M. Mauro Poggia, conseiller d'Etat. Mesdames et Messieurs les députés, voilà une motion évidemment empreinte de bonnes intentions. Comme l'a très justement rappelé M. le député Frey, elle a été déposée sur la base d'un fait divers douloureux: une personne souffrant du syndrome de Gilles de La Tourette avait été brutalement maîtrisée par les forces de l'ordre, qui ne comprenaient pas que son comportement était dû à une atteinte mentale. On peut se poser la question de savoir comment éviter ce genre de traumatisme, puisque les personnes... (Brouhaha. Le président agite la cloche.) ...qui souffrent de ce type de syndrome - heureusement peu répandu dans notre république - sont d'autant plus traumatisées qu'elles sont atteintes dans leur santé. Est-ce que la carte handicap est la réponse à ce type de question ? Le simple bon sens fera comprendre à chacun que malheureusement, même si la personne en question avait été porteuse d'une carte handicap qui aurait permis d'expliquer la cause de son mal, une fois que la police l'avait immobilisée voire placée dans un fourgon cellulaire, c'était trop tard pour se rendre compte qu'en réalité cette personne ne présentait pas de danger pour autrui. C'est la raison pour laquelle nous sommes arrivés à la conclusion que c'est véritablement au sein des associations, qui se trouvent au centre de l'action sur le terrain, que des solutions doivent être trouvées. Il y a évidemment la formation, mais les travaux en commission ont justement montré que la police suit des cours dans ce domaine pour être attentive à certains types d'atteintes mentales ou psychiques... (Brouhaha. Le président agite la cloche.) ...qui ne sont pas dangereuses pour autrui mais peuvent avoir une apparence de dangerosité.

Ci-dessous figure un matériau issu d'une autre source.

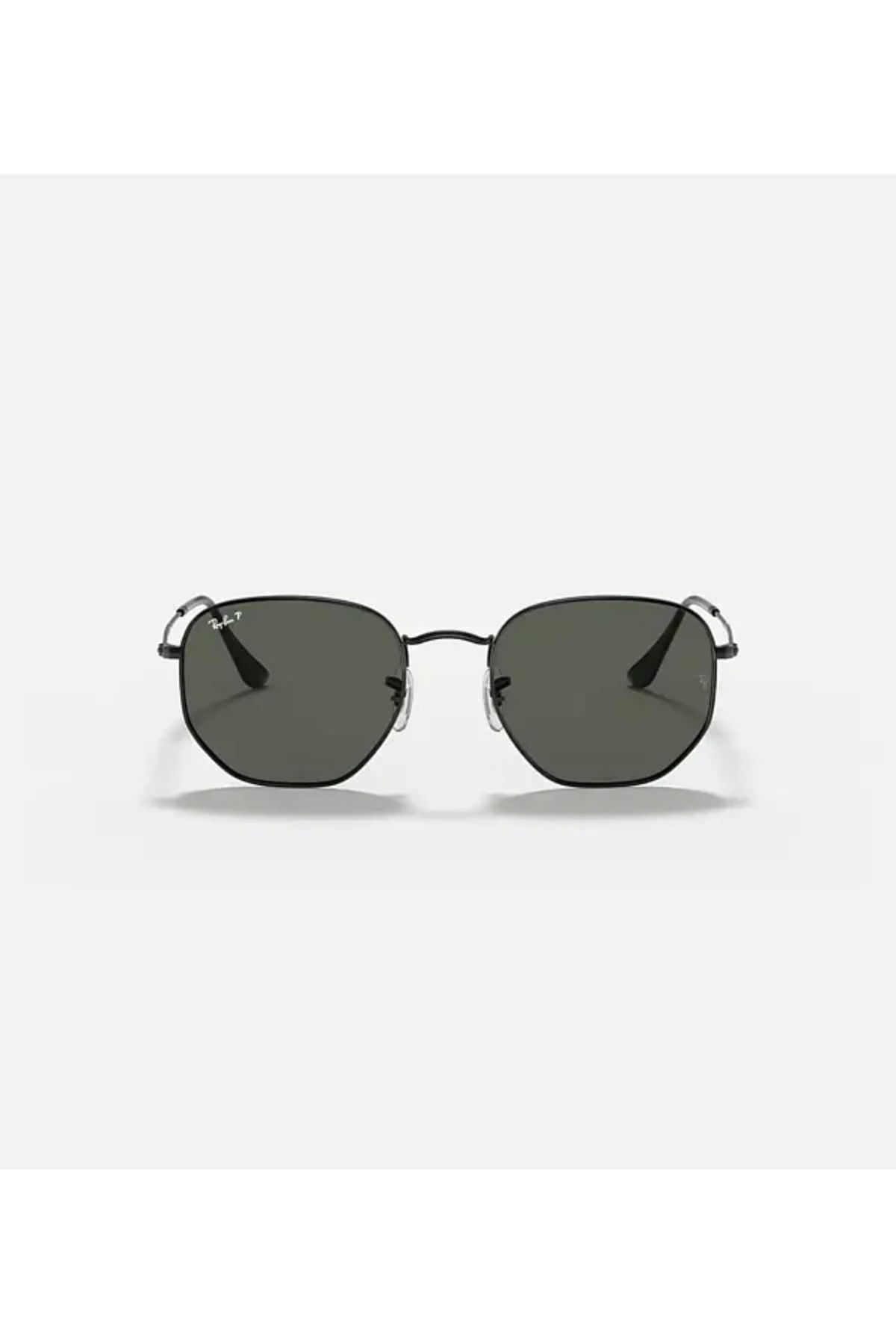 Ray-Ban-Hexagonal Black Polarized Rb3548n 002/58 Size 51 7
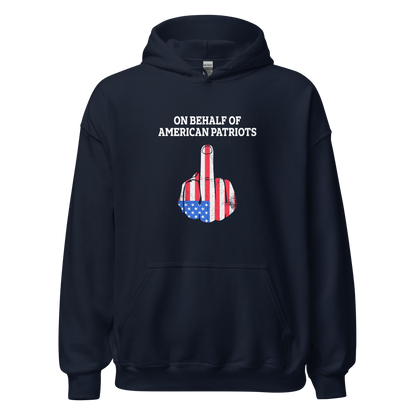 American Patriot Middle finger Hoodie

La solution proposée par le département peut paraître décevante dans la mesure où celui-ci ne vous dit pas qu'il va faire une carte pour handicapés ou qu'il va mettre son tampon sur des cartes pour handicapés présentées par les associations, mais il faut être réaliste: d'abord, créer ces cartes implique d'avoir une connaissance directe de la pathologie, avec tout ce que cela implique par rapport au secret médical, bien sûr, et au contrôle de la véracité des indications qui figureraient sur la carte. Ensuite, comment cette carte pourrait-elle être présentée ? Il faudrait presque qu'elle soit portée visiblement autour du cou pour que chacun puisse se rendre compte qu'il s'agit d'une carte handicap et qu'avant de faire quoi que ce soit pour cette personne, il faut s'assurer de son contenu, ce qui ne serait pas toujours simple, évidemment. Si l'on veut un tampon, il faut évidemment des fonctionnaires qui le mettent; mais il ne s'agit pas simplement de donner un coup de tampon, il s'agit bien sûr de vérifier le contenu des informations. (Brouhaha. Le président agite la cloche.) Je pense que nous avons à Genève un réseau associatif particulièrement riche dans le domaine de la santé, et du social aussi, d'ailleurs: il faut que ce réseau, qui est sensible à cette question - comme à celle du transport des personnes handicapées, dont on parlera à une autre occasion - s'organise précisément pour donner des solutions, l'Etat devant, quant à lui, jouer un rôle de facilitateur. Je vous demande donc de ne pas renvoyer ce texte en commission, car nous n'arriverions pas à aller plus loin que les présentes conclusions. Je vous remercie.

Le président. Merci, Monsieur le conseiller d'Etat. Mesdames et Messieurs les députés, nous avons été saisis d'une demande de renvoi de ce rapport au Conseil d'Etat. Je vous invite à voter sur ce renvoi.

Mis aux voix, le renvoi au Conseil d'Etat de son rapport sur la motion 2173 est rejeté par 43 non contre 39 oui.

Le Grand Conseil prend donc acte du rapport du Conseil d'Etat sur la motion 2173.